Volksbegehren Tempelhofer Feld: Anfällig für Mauscheleien

233 000 Unterschriften wurden abgegeben. Die Bezirke prüfen, ob es die Personen auf den Listen wirklich gibt. Ob sie auch selber unterschrieben haben, spielt keine Rolle.

Die Prüfung der Unterschriftenlisten für das Volksbegehren Tempelhofer Feld ist offenbar anfällig für Manipulationen. Nach internen Vorgaben, die dem Tagesspiegel vorliegen, ist es nicht zwingend notwendig, Vornamen oder Geburtsdaten anzugeben. Identitäten können also aus öffentlich zugänglichen Quellen abgeschrieben werden. Die geleisteten Unterschriften werden bei der Prüfung nicht mit amtlichen Dokumenten abgeglichen.

„Dann kann ich auch das Telefonbuch abschreiben“, empört sich der Neuköllner Stadtrat für Bürgerdienste Thomas Blesing (SPD). Er hält die Vorgaben für viel zu lax. Die Wahlämter in den Bezirken seien an die Prüfkriterien der Landeswahlleiterin gebunden.

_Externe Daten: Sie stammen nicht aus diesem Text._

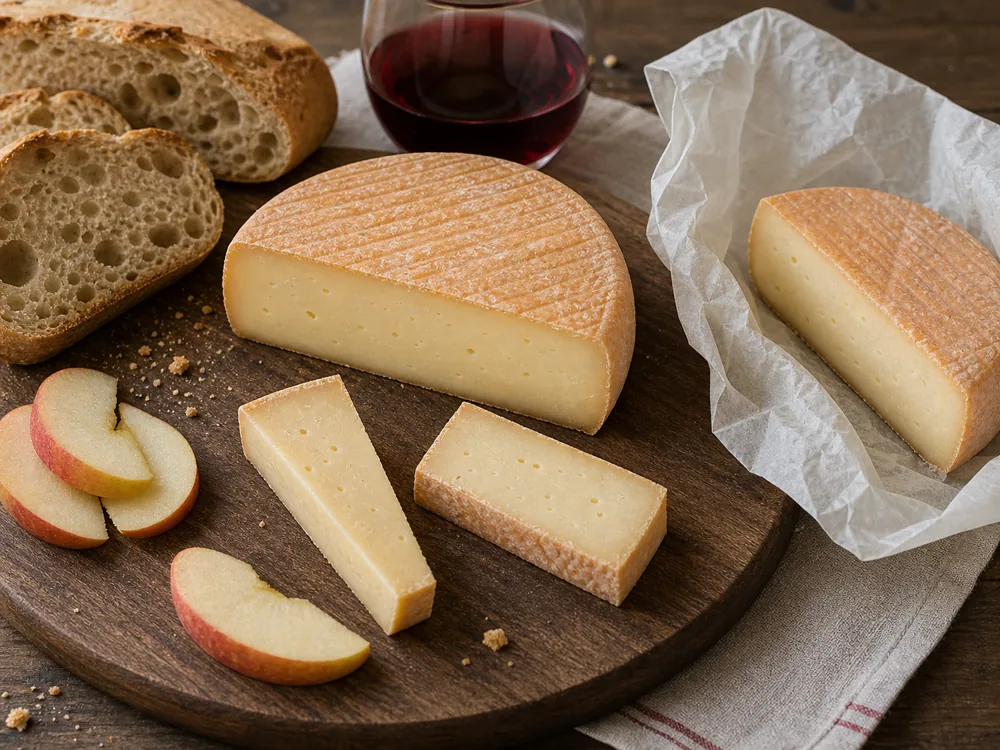Abbaye de Citeaux-style wedges with bread apple wine and loose wrapping - Abbaye de Citeaux | KnowTheCheese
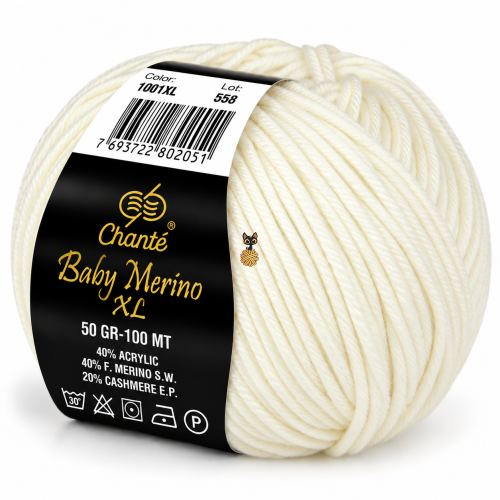 Chante Baby Merino XL (Шанте Бэби Мерино XL) | 1001XL белый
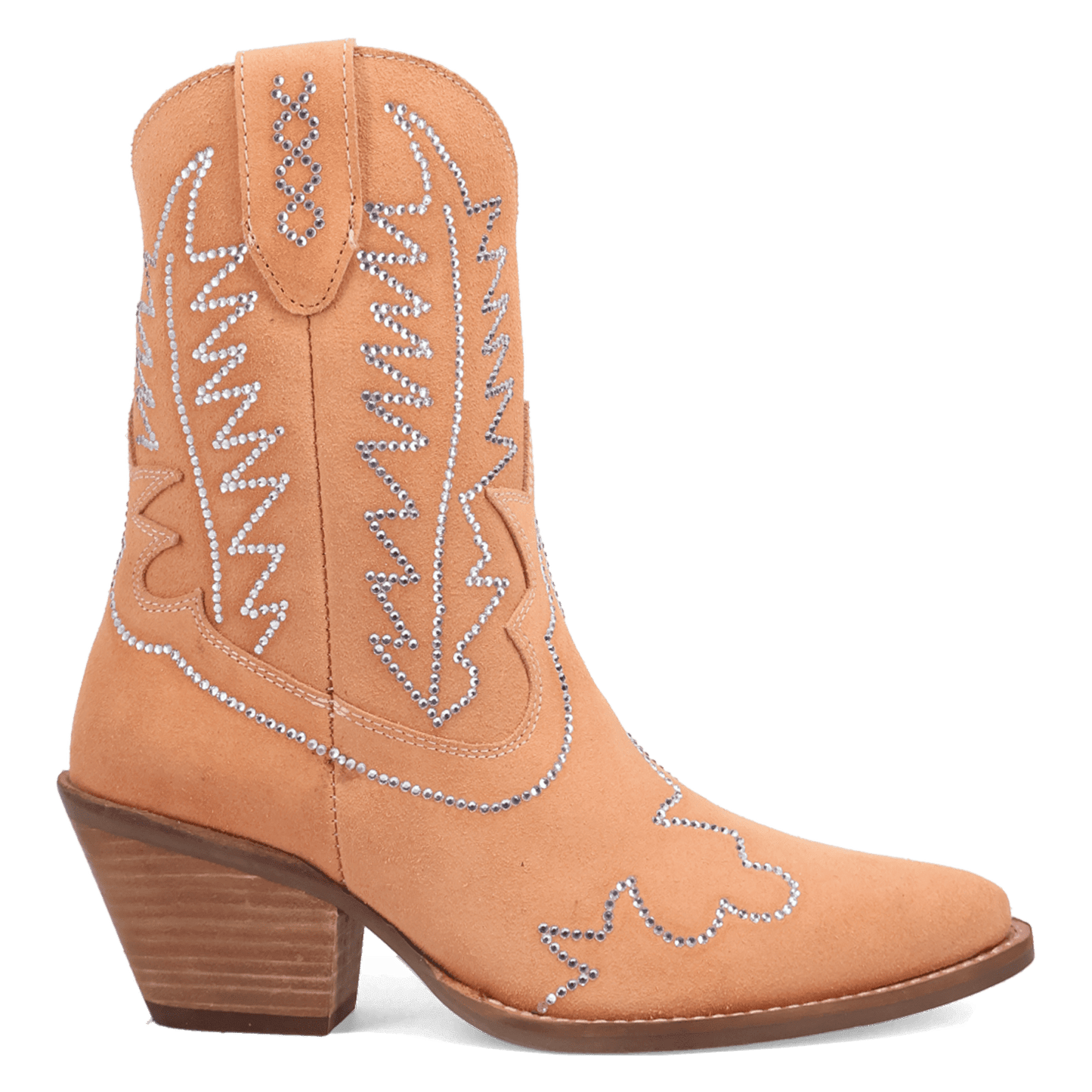 PRODUCT SHOT TINY PONY SUEDE LEATHER BOOTIE AT 90 DEGREE INSIDE ANGLE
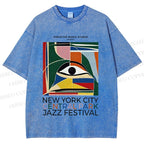 Unisex Colorful Art Geometric Eyes Printed Washed Tee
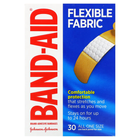 Лейкопластырь, гибкая ткань, Band Aid, 30 штук - изображение 1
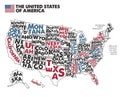 Poster map of United States of America with state names. Royalty Free Stock Photo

Dort heißt es: „Ist die eingetragene Person trotz der fehlenden oder fehlerhaften Angaben ohne großen Aufwand feststellbar, ist die Unterschrift gültig.“ In der Praxis reicht oft schon der Nachname plus Adresse, um eine Person im Melderegister eindeutig nachzuweisen.

Verfahren ist "anfällig für Manipulationen"

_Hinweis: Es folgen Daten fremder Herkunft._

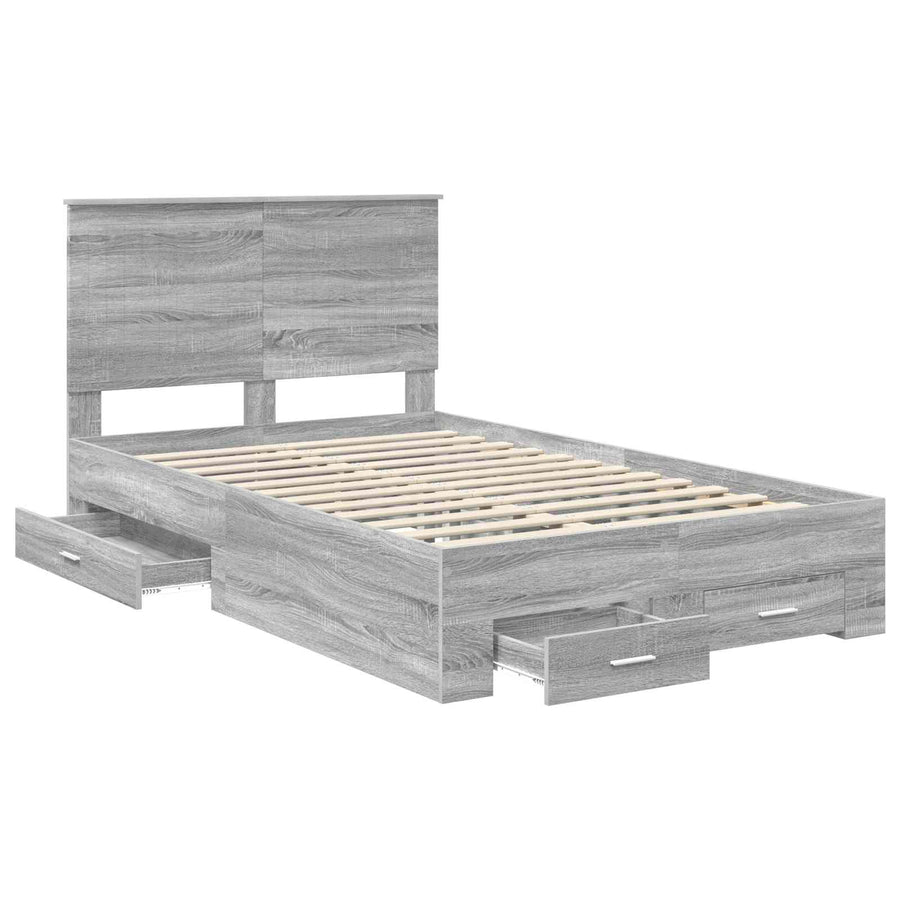 Bedframe met hoofdeinde Grijs Sonoma 120 x 200 cm Bewerkt hout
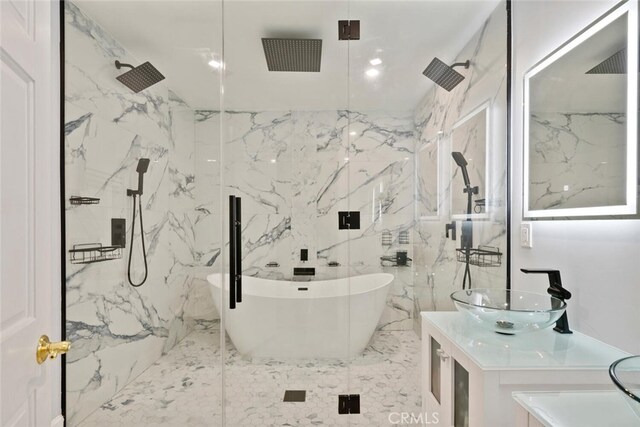 10225 Donna Ave, Northridge, CA 91324 - bathroom with double vanity, a marble finish shower, and a freestanding tub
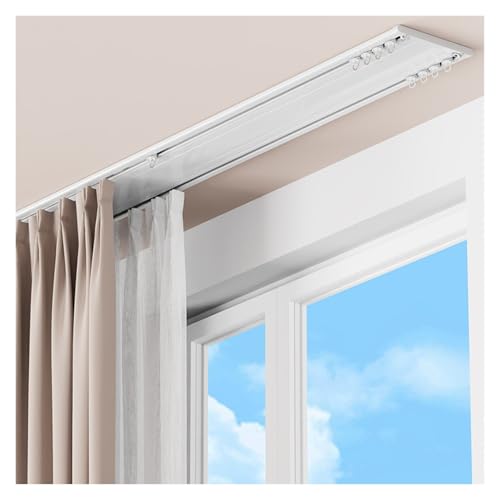 AWSAD Aluminum Alloy Curtains Rails, Rail Ceiling Mounting, 6mm Thickness Double Row Concealed Curtain Track Mount(White,2.6M/102IN)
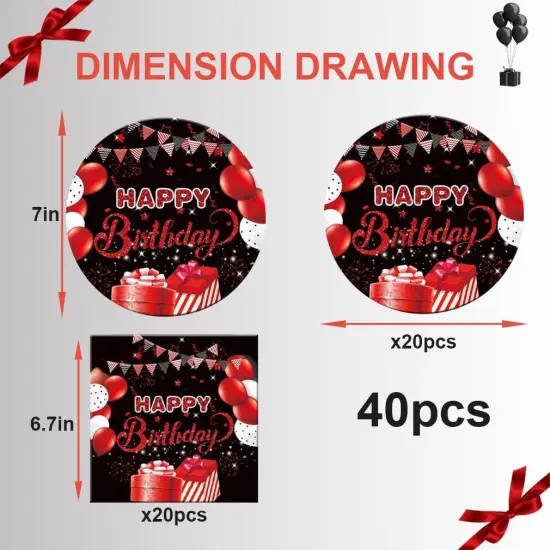 40pcs Black and Red Birthday Party Supplies,Include 20 Dessert Plate, 20 Napkin,For Men and women Birthday Party Supplies,Used for Black and Red Birthday Party Decoration {2}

Die Sammler von Unterschriften dürfen selber fehlende Angaben ergänzen oder korrigieren, heißt es in dem internen Papier weiter. „Es erscheint nicht praktikabel, für die Gültigkeit der Unterschrift den Nachweis zu verlangen, dass die Ergänzung oder Korrektur in Absprache mit dem Abstimmungsberechtigten oder durch diesen selbst erfolgt ist.“

Die Landeswahlleiterin, Petra Michaelis-Merzbach, erklärte dazu: „Ich räume ein, dass das Verfahren anfällig ist für Manipulationen.“ Die internen Prüfkriterien basierten auf ihrer persönlichen Auslegung des Landesabstimmungsgesetzes, das sehr volksbegehrenfreundlich abgefasst sei. Sie sei bereit, über diese Auslegung zu diskutieren, wenn es Kritik aus den Bezirken gebe. Dennoch hält sie es für „wenig wahrscheinlich, dass im großen Umfang Unterschriften gefälscht wurden“. Sie gehe davon aus „dass die Bürger rechtstreu sind. Wer Unterschriften fälscht, macht sich strafbar.“

Allerdings lassen sich Fälscher kaum überführen. Michaelis-Merzbach erklärte, es seien bereits Fälle der Staatsanwaltschaft übergeben worden, wenn beispielsweise fünf Unterschriften nacheinander in gleicher Schreibweise abgefasst wurden. Was aus der Anzeige geworden ist, wisse sie nicht.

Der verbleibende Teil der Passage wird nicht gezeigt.